Fortunately, this was our third year here (and our third year in the same boat), so we’re pretty much professionals at it. After my ride, my working student, Daisy, and I ran off to lunch at the movies (we saw The Martian; it was fantastic), where I surreptitiously checked my phone every few rides to see if I stayed in the top 10, and that led me to the sitting, killing time.
I had to keep my eye on that scoreboard because Fender gave me the best 10 minutes of our career together… in the warm-up. It’s a struggle with any young, still-developing horse—how to make them fit without burning them out—but I’ve had another factor to consider over the last few months for Fender. That this is our last show together, before his new owner takes the reins. I wanted Fender to stay fresh and fun to the work, and not be too fit coming into winter.
So he just faded a little as we came into the ring, and he worked like a trooper and let me make lots of points, and unfortunately made a few too many small mistakes in important things. He still placed ninth on 68 percent, with tons of highlights and high praise from all the judges, and was bested by many more experienced horses.
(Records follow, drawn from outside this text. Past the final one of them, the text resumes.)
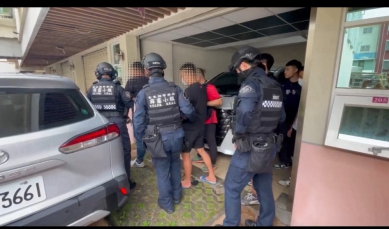 海外謀職淪豬仔｜不從便電擊抽鞭，誘騙求職人到泰國從事詐騙機房工作，臺東檢警強力打擊幫派，偵破人口販運集團。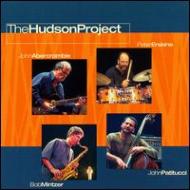 John Abercrombie/John Patitucci/Bob Mintzer/Peter Erskin / Hudson Project 輸入盤 【CD】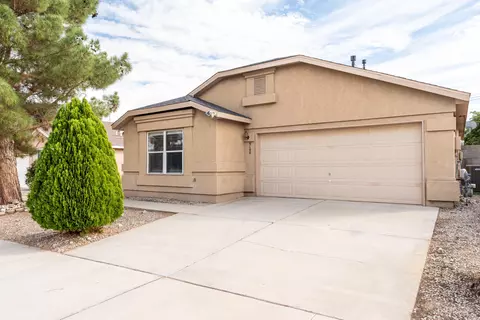 9100 Schooner Rd NW, Albuquerque, NM 87121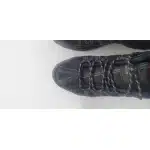 Zapatillas de trail tácticas "Climb-up" negras photo review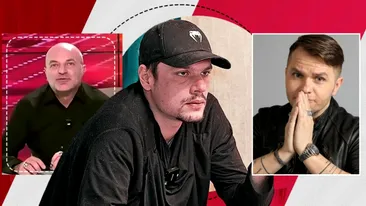 Codin Maticiuc, stupefiat de cum arată Mario Iorgulescu după 6 ani de stat în Italia: „Încerc să-mi aleg foarte bine cuvintele”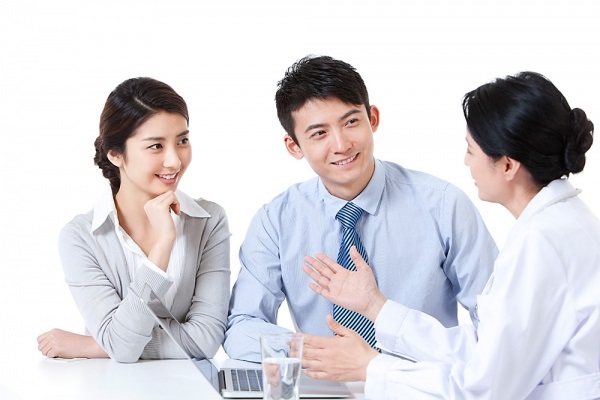 Bảo hiểm sức khoẻ người lao động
I couldn’t be more proud of him, and as sad as I am to close the book on us, it’s a heckofa way to go out.
The book of Ella and I is moving onto a new chapter, because on Saturday night I had a huge ah-ha with impeccable timing. In watching the videos of both my Grand Prix at the Regional Finals and here on Friday night, I put two and two together in how I’m riding her neck, or rather not riding her neck.
To make a long story short, what feels like poll-the-highest-point isn’t; it’s off the bit. And in the warm-up for her freestyle, I glanced down at her neck in a moment where she was going brilliantly, and it looked like the third braid back from her ears was the highest point. It wasn’t—the visual from the ground was poll up and perfect—but it was the visual cue I needed to make it make sense to me.
I’ve experienced this with students. I’ve talked to them about a concept a trillion times in a zillion different ways, and then, without warning or explanation, they exclaim: “oh! It’s like (insert a metaphor that makes no sense to me)!” And then they get it. It’s one of those it’s-not-the-journey-but-the-destination things.
Whatever, it worked for me. And I’ve still got many more things to make better, to figure out how to shorten the gap between how incredible she feels in warm-up and how she goes in the ring. But we earned a 68 percent from a seriously international panel (including a “good job!” from Axel Steiner, so I can basically die happy now), placed fourth, and have another piece of the puzzle, I hope, locked down.
There have been so many other wonderful things from this show: getting coaching from, and spending time with, my wonderful friends Belinda Nairn and Liz Austin, who I never get to see enough of; catching up with all the rest of my friends from all over the country, all in one place; helping my friend Torrey with her wonderful mare Tali; getting to meet the show’s youngest participant, Sophia, who is also a video blogger, and talking about blogging; celebrating the birthday of one of my favorite people on the planet, Sue Stickle; and watching the inimitable Michael Poulin show us all why he’s the force of nature in American dressage that he is.
On Sunday night, we did one last awards ceremony, one last group dinner, and got a full night’s sleep before the worst part of this show—the 8.5-hour drive through the mountains of West Virginia. And with any luck, we’ll keep our tires intact, too. (But I wouldn’t count on it.)